#### WORK INSTRUCTION
Transcribe the whole listing without a single picture.

#### SOURCE MATERIAL

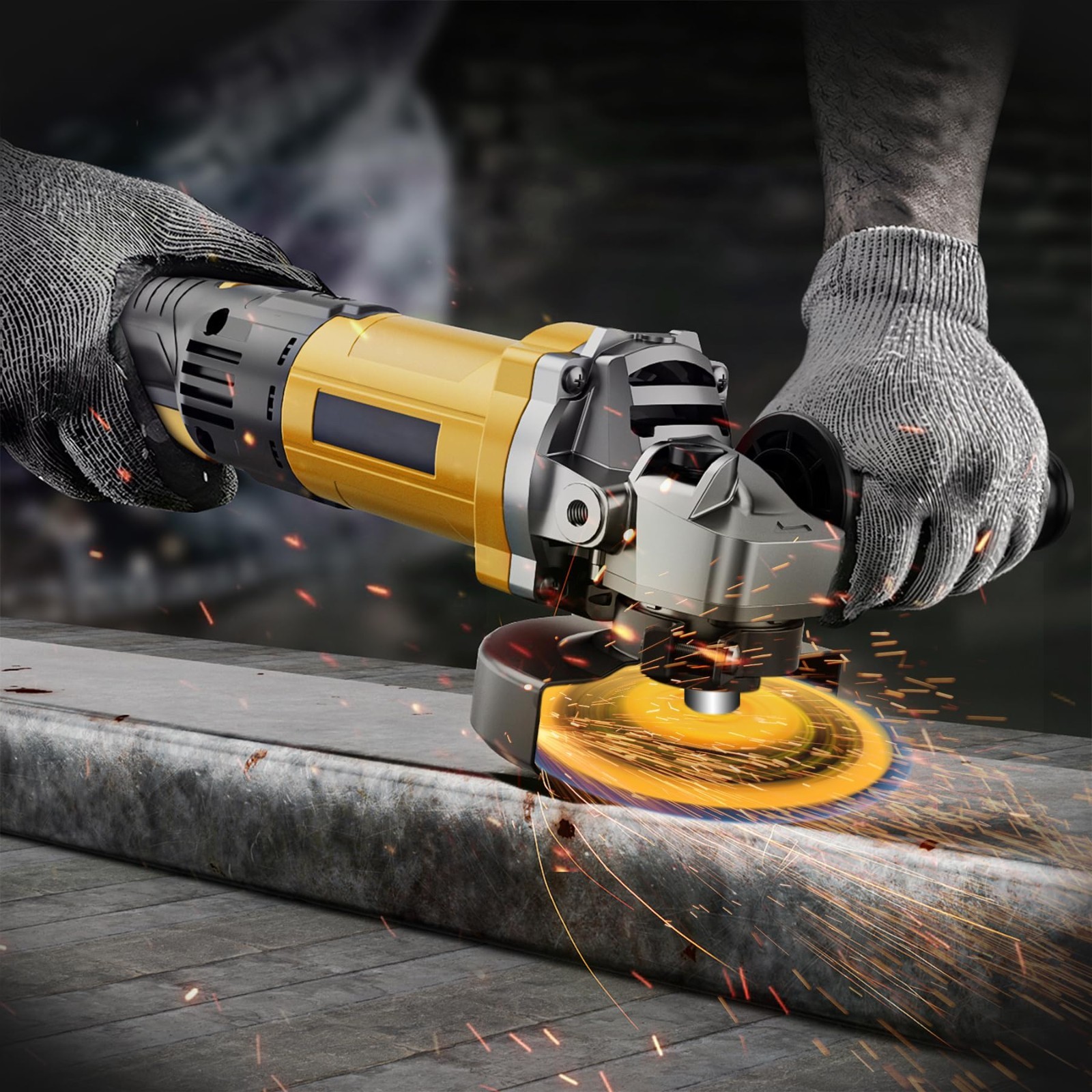 4-1/2" Zirconia Sanding Flap Discs 40 60 80 120 Grit 4.5" x 7/8" Grinding Wheels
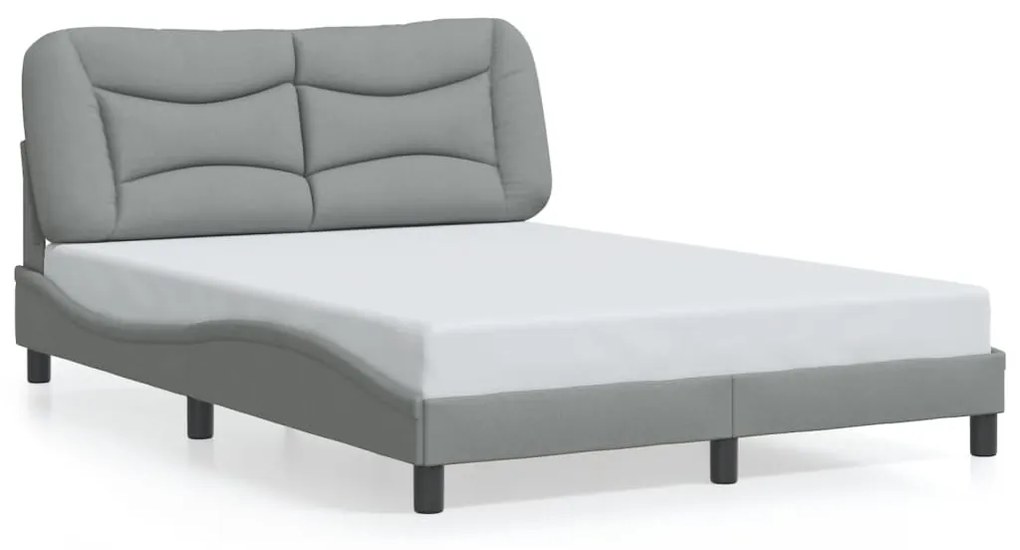 Giroletto Con Led Senza Materasso Grigio Chiaro 120x200 Cm /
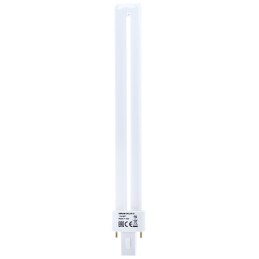 1 pcs - G23 Twin Tube Shape CFL Bulb, 11 W, 2700K, Extra Warm White Colour Tone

#### WRITTEN RESPONSE
 4-1/2" Zirconia Sanding Flap Discs 40 60 80 120 Grit 4.5" x 7/8" Grinding Wheels
 Giroletto Con Led Senza Materasso Grigio Chiaro 120x200 Cm /
 1 pcs - G23 Twin Tube Shape CFL Bulb, 11 W, 2700K, Extra Warm White Colour Tone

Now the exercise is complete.